Begin at the top of the records below and return each line exactly through the line with "Thumbnail: 2024 Chevrolet Traverse - 15". Skip pictures.

━━ SOURCE DATA

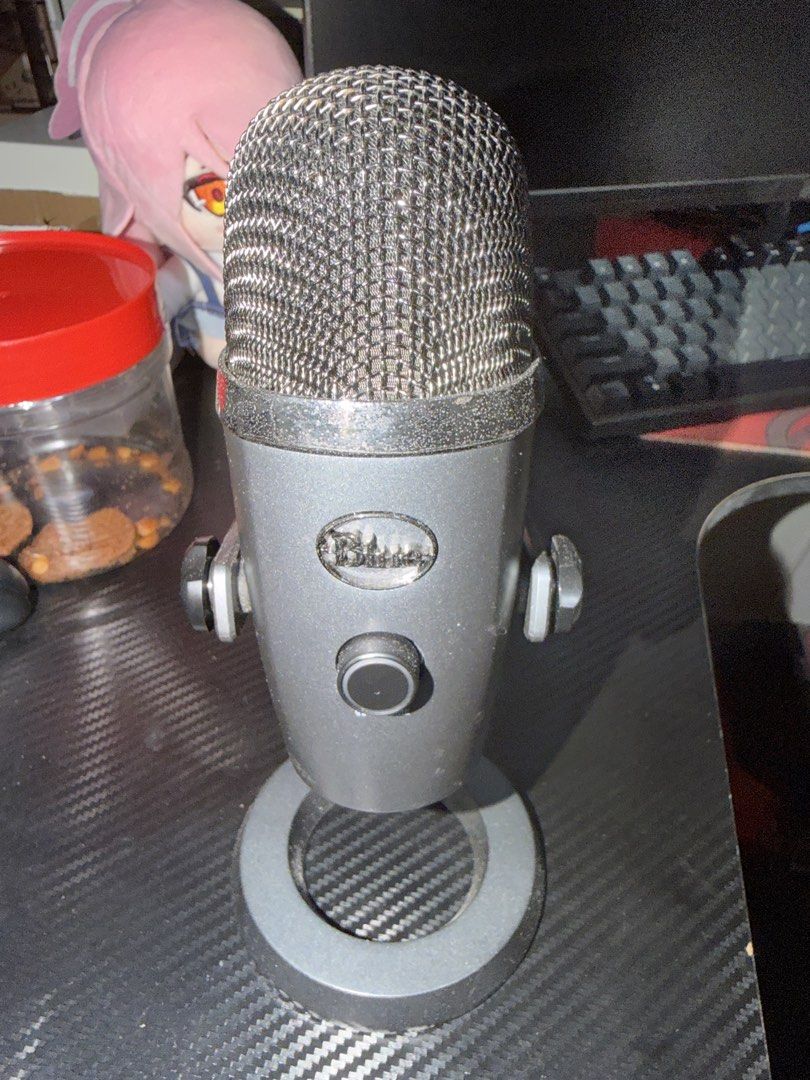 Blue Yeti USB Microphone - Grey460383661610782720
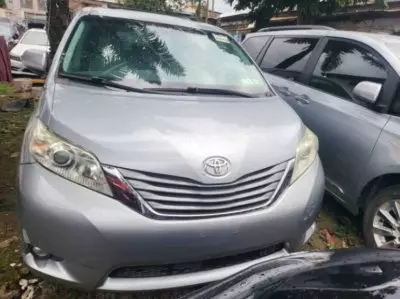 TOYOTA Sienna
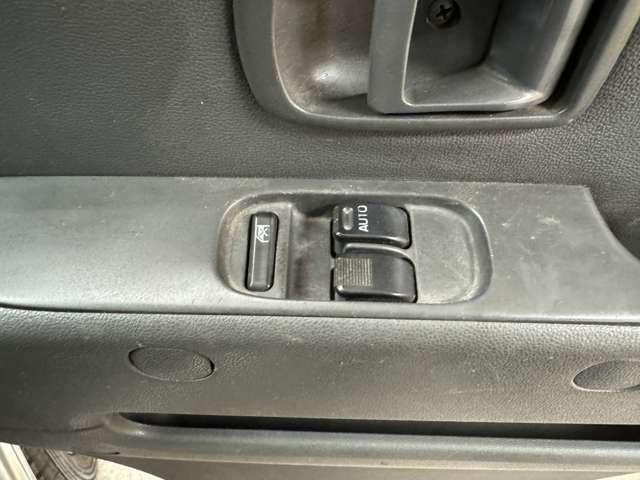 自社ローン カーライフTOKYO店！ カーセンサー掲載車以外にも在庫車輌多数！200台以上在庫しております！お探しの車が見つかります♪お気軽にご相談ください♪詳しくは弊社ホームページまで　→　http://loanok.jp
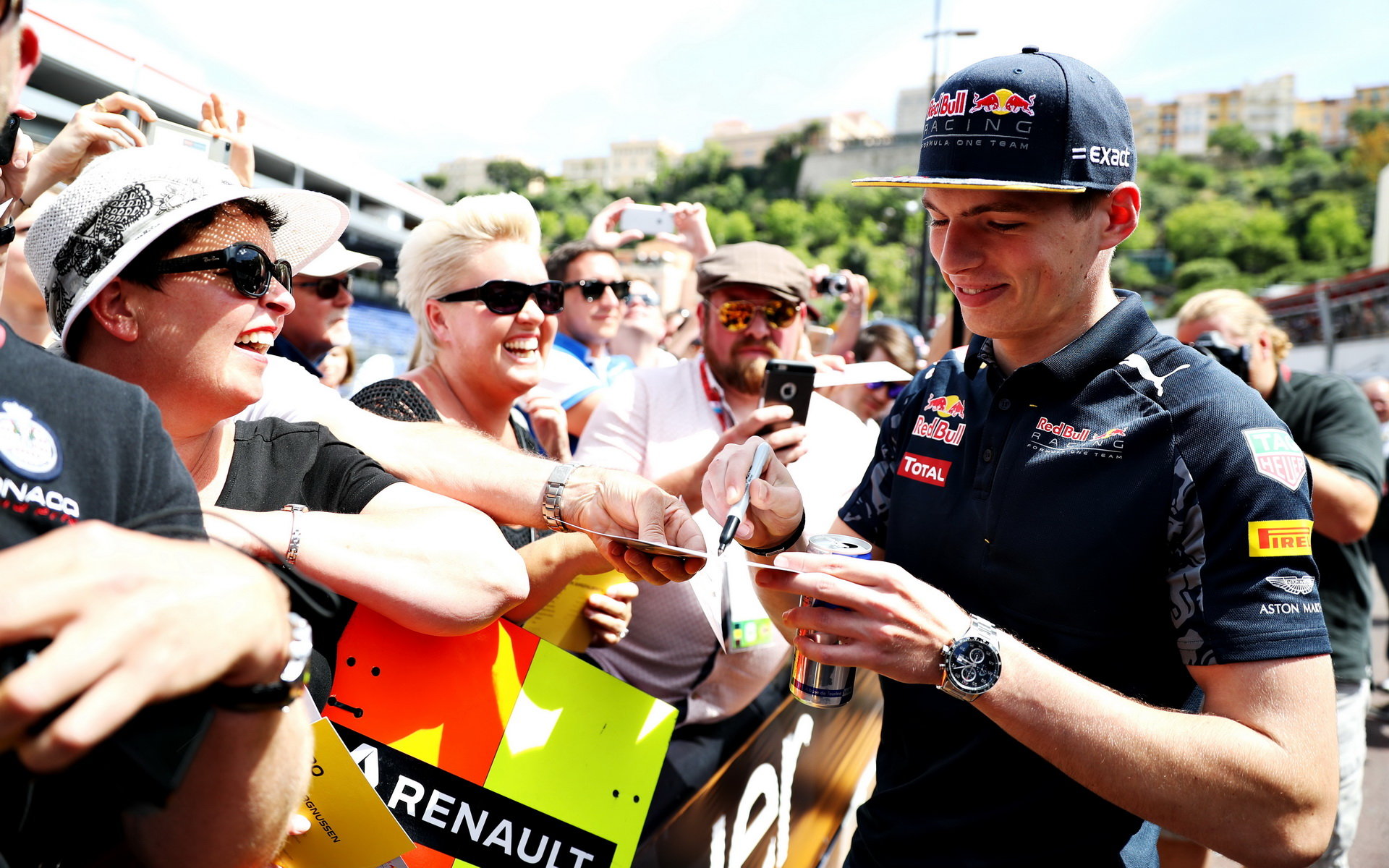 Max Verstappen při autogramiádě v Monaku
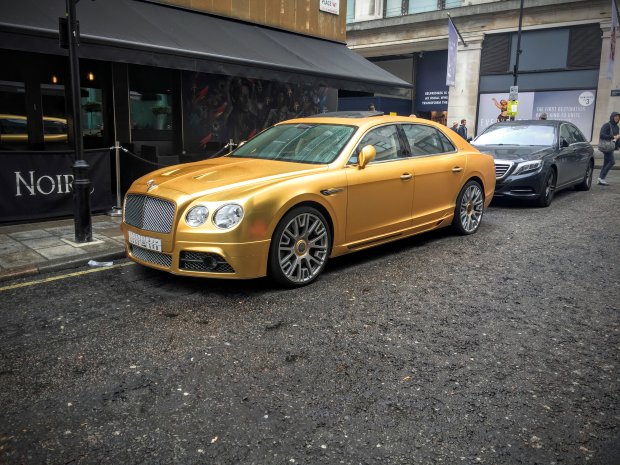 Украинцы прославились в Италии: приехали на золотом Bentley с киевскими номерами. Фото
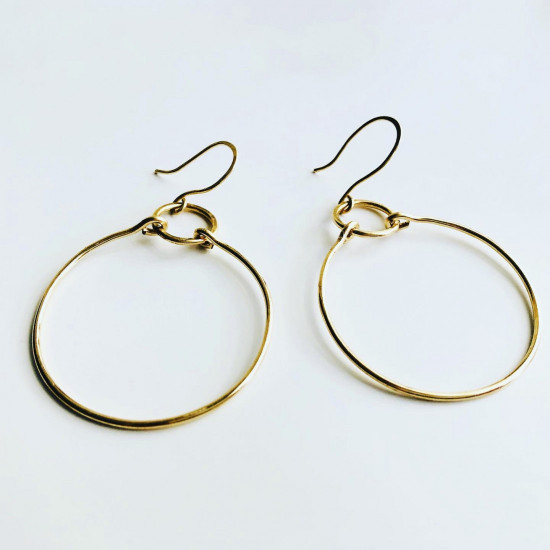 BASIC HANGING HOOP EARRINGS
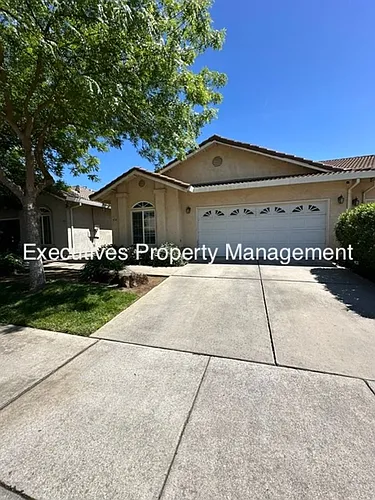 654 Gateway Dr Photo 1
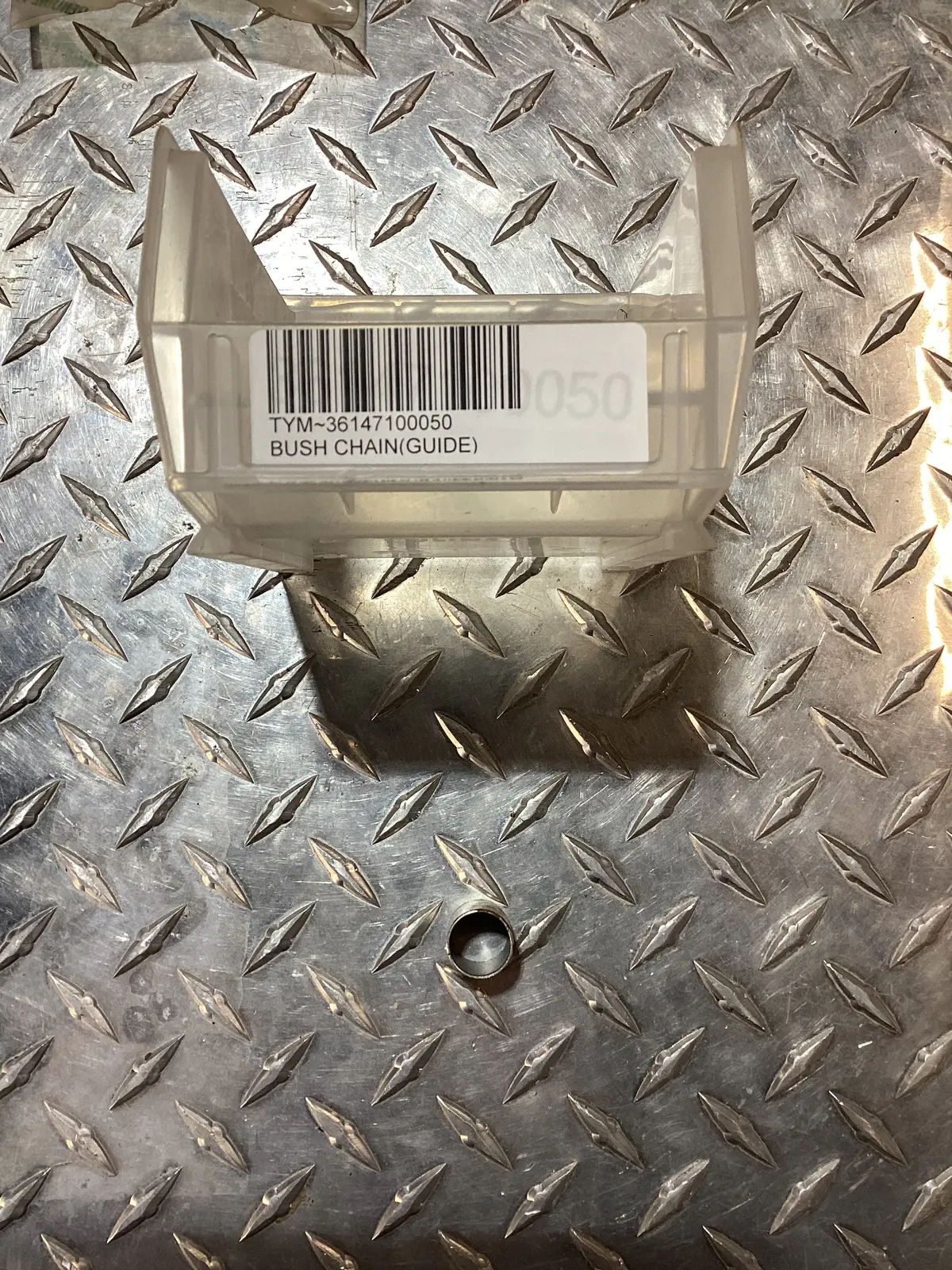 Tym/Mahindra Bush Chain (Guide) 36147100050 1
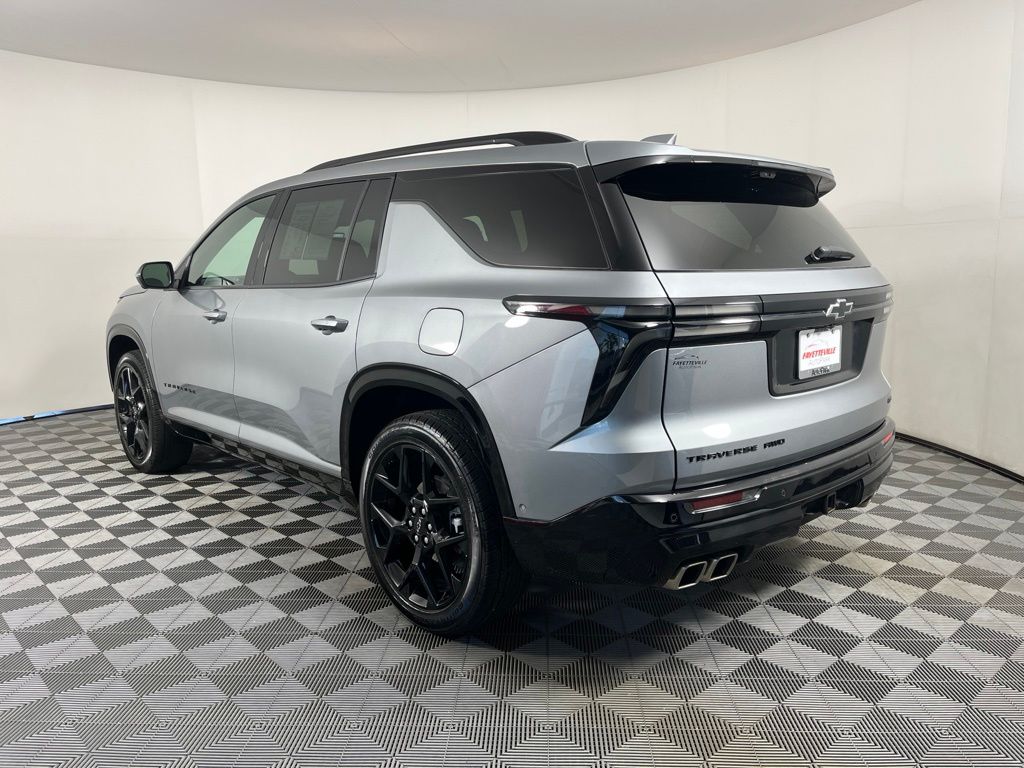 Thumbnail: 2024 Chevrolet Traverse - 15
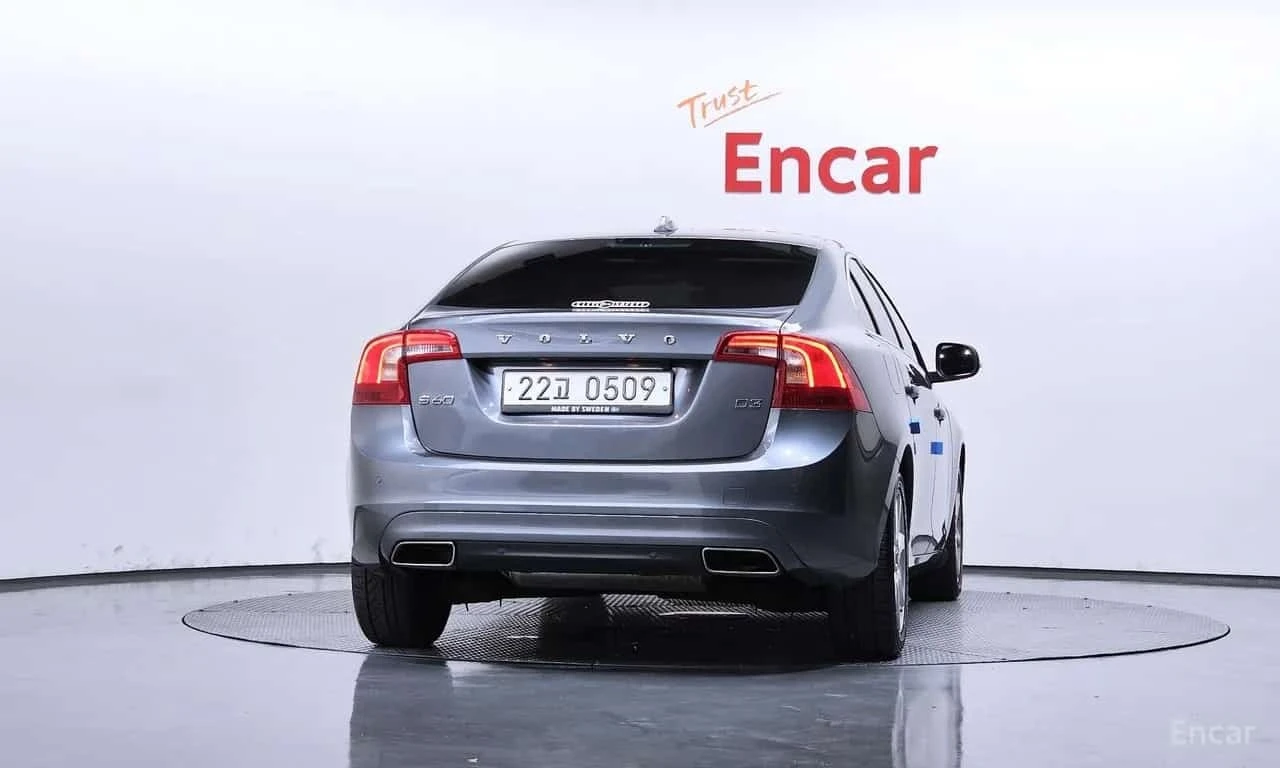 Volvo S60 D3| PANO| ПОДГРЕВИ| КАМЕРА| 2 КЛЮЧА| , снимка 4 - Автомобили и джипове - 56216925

━━━━

* OUTPUT FOR THIS TASK:
 Blue Yeti USB Microphone - Grey460383661610782720
 TOYOTA Sienna
 自社ローン カーライフTOKYO店！ カーセンサー掲載車以外にも在庫車輌多数！200台以上在庫しております！お探しの車が見つかります♪お気軽にご相談ください♪詳しくは弊社ホームページまで　→　http://loanok.jp
 Max Verstappen při autogramiádě v Monaku
 Украинцы прославились в Италии: приехали на золотом Bentley с киевскими номерами. Фото
 BASIC HANGING HOOP EARRINGS
 654 Gateway Dr Photo 1
 Tym/Mahindra Bush Chain (Guide) 36147100050 1
 Thumbnail: 2024 Chevrolet Traverse - 15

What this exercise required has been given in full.